━━━ RECORDS SHOWN ━━━

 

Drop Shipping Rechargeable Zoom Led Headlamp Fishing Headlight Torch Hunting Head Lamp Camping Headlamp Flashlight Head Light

━━━
━━━ RECORDS SHOWN ━━━

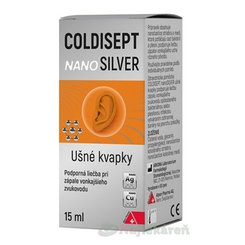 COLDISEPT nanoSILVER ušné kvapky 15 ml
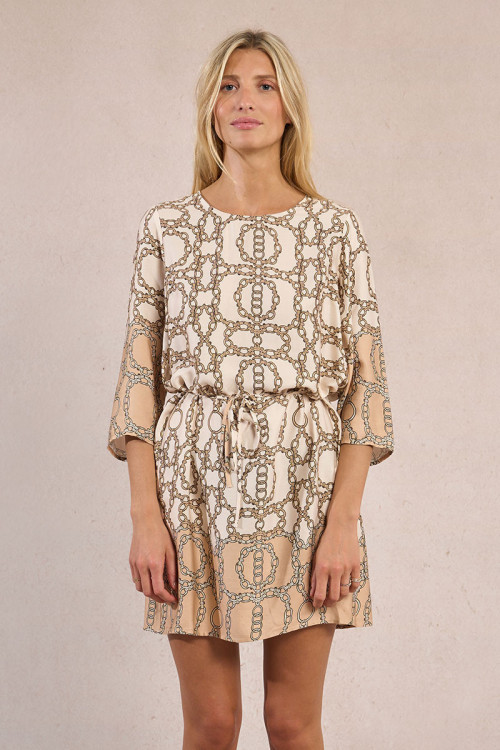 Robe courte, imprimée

━━━

TASK TO CARRY OUT: Within the listing above, write out the stretch from the line with "COLDISEPT nanoSILVER ušné kvapky 15 ml" through the line with "Robe courte, imprimée" exactly. Any pictures are to be left out.

TASK RESPONSE:
 COLDISEPT nanoSILVER ušné kvapky 15 ml
 Robe courte, imprimée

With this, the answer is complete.